An exact copy of the data below is needed; please leave out any pictures.
___ Collected material ___
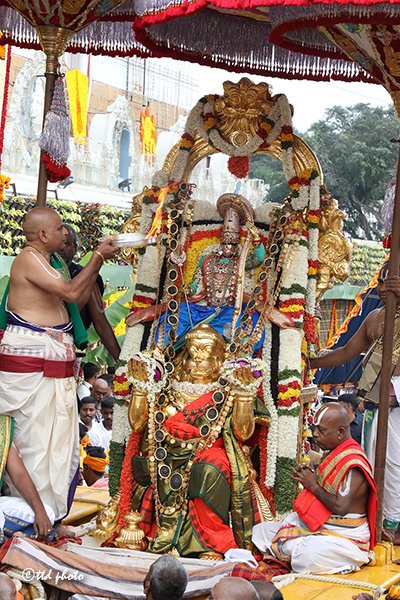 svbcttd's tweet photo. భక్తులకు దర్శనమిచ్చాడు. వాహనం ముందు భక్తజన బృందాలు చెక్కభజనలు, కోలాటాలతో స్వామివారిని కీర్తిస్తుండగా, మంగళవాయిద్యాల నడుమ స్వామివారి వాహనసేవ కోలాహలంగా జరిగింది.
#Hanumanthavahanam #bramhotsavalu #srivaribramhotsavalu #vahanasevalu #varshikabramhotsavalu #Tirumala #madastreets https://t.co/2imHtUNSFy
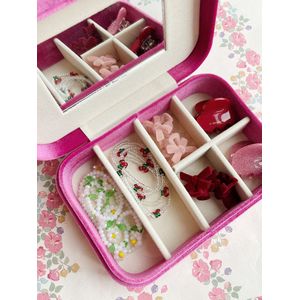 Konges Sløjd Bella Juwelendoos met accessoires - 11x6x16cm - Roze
___
Exercise response >>
 svbcttd's tweet photo. భక్తులకు దర్శనమిచ్చాడు. వాహనం ముందు భక్తజన బృందాలు చెక్కభజనలు, కోలాటాలతో స్వామివారిని కీర్తిస్తుండగా, మంగళవాయిద్యాల నడుమ స్వామివారి వాహనసేవ కోలాహలంగా జరిగింది.
#Hanumanthavahanam #bramhotsavalu #srivaribramhotsavalu #vahanasevalu #varshikabramhotsavalu #Tirumala #madastreets https://t.co/2imHtUNSFy
 Konges Sløjd Bella Juwelendoos met accessoires - 11x6x16cm - Roze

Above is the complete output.